*** Begin section ***

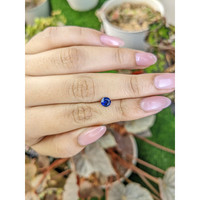 0.65 Ct. Blue Sapphire from Ceylon (Sri Lanka) Life Style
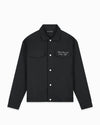 TWILL RIPPED JACKET | Schwarz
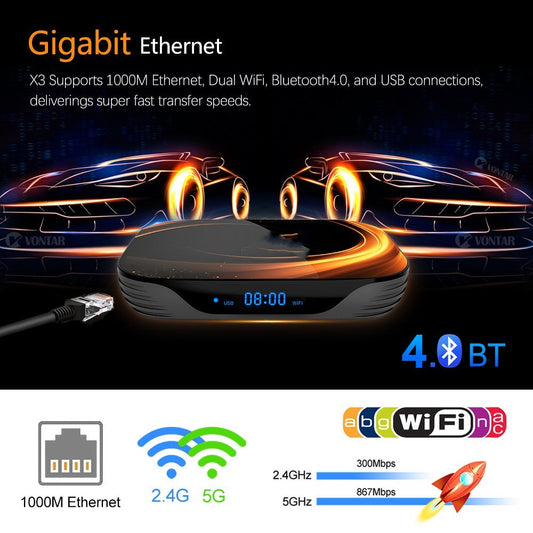 S905X3 Dual WIFI With Bluetooth Android 90 Set-top Box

*** End section ***

▶ _Work to complete_: Only the pictures are to be left out; repeat all other material exactly.

▶ _Response to this task_:
 0.65 Ct. Blue Sapphire from Ceylon (Sri Lanka) Life Style
 TWILL RIPPED JACKET | Schwarz
 S905X3 Dual WIFI With Bluetooth Android 90 Set-top Box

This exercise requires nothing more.